A quick sanity check to make sure we got 100 players

In [4]:

#should have 100
len(ht_wgt)

Out[4]:

Now lets drop our data into a Pandas data frame and take a look.

In [5]:

data = DataFrame(ht_wgt, columns=['height', 'weight', 'grade'])
data.head()

Out[5]:

	height	weight	grade
0	6'5''	330	87
1	6'5''	280	85
2	6'3''	340	84
3	6'3''	312	84
4	6'5''	315	83

Lets clean up the data to get the values as integers and convert the height to inches. I also created a mean zero grade just to bring the grades closer to zero.

In [6]:

data['weight'] = data.weight.astype(int)
data['grade'] = data.grade.astype(int)
hgt_str = data.height.values
hgt_str = [x.split("'") for x in hgt_str]
hgt_in = [(int(x[0]) * 12) + int(x[1]) for x in hgt_str]
data['height_inches'] = hgt_in
data['grade_meanzero'] = data.grade - data.grade.mean()
data.head()

Out[6]:

	height	weight	grade	height_inches	grade_meanzero
0	6'5''	330	87	77	10.48
1	6'5''	280	85	77	8.48
2	6'3''	340	84	75	7.48
3	6'3''	312	84	75	7.48
4	6'5''	315	83	77	6.48

Make Some Plots¶

Lets take a look at the distribution of height and weight and how that fits in with the ranking. Also, I will plot my brother on the plots to see how he stacks up.

In [9]:

fig, ax = plt.subplots(3,1)
fig.set_size_inches(8.5, 11)

fig.suptitle('2015 ESPN Top 100 High School Offensive tackles',
             fontsize=16, fontweight='bold')

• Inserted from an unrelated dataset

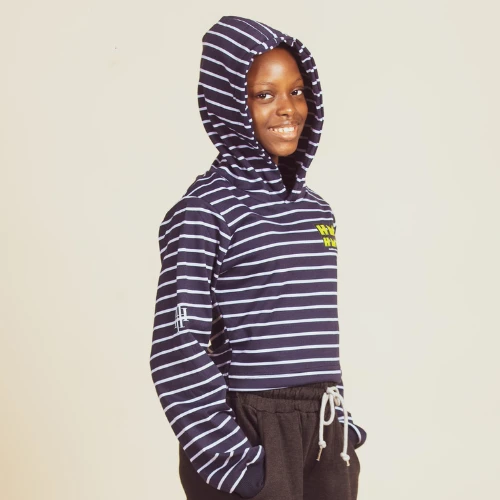 Blue Striped Crop Hoodies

ax[0].hist(data.height_inches, bins = range(73,83), align='left')
ax[0].set_xlabel('Height')
ax[0].set_ylabel('Number of Players')
ax[0].annotate('Average Height: {}'.format(data.height_inches.mean()), 
             xy=(.5, .5), xytext=(.70, .7),  
             xycoords='axes fraction', textcoords='axes fraction')
ax[0].plot([75, 75], [0,40])
ax[0].set_xlim([72,82])
ax[0].set_xticks(range(73,83))
ax[0].annotate('My Brother', xy=(75, 20), xytext=(73, 25))

ax[1].hist(data.weight)
ax[1].set_xlabel('Weight in Pounds')
ax[1].set_ylabel('Number of Players')
ax[1].annotate('Average Weight: {}'.format(data.weight.mean()), 
             xy=(.5, .5), xytext=(.70, .7),  
             xycoords='axes fraction', textcoords='axes fraction')
ax[1].plot([280, 280], [0,30])
ax[1].annotate('My Brother', xy=(250, 15), xytext=(236, 20))

ax[2].scatter(data.height_inches, data.weight, s=data.grade_meanzero*15, alpha=.6)
ax[2].set_title('Bigger Circle Means Better Rank')
ax[2].set_xlabel('Height in Inches')
ax[2].set_ylabel('Weight in Pounds')
ax[2].set_xlim([72,82])
ax[2].set_xticks(range(73,83))
ax[2].scatter([75],[280], alpha=1, s=50, c=sns.color_palette("Set2", 2)[1])
ax[2].annotate('My Brother', xy=(75, 280), xytext=(73.5, 255))

fig.tight_layout()
plt.subplots_adjust(top=0.92)
sns.despine()
plt.savefig('Top100_OT.png')

Analysis¶

It looks like the sweet spot for height is between 76 and 78 inches. And it looks like taller players are getting a better rank; at least up to 78 inches. This makes some sense because you probably don't expect your players to grow much taller; you can more easily affect their weight gain if needed.

This is a very simple and somewhat silly example of data analysis, but I like it. Using data I was able to gain a better understanding of an area in which I previously had no experience. Also, I was able to give my brother some sound advice that is grounded in data - grow taller!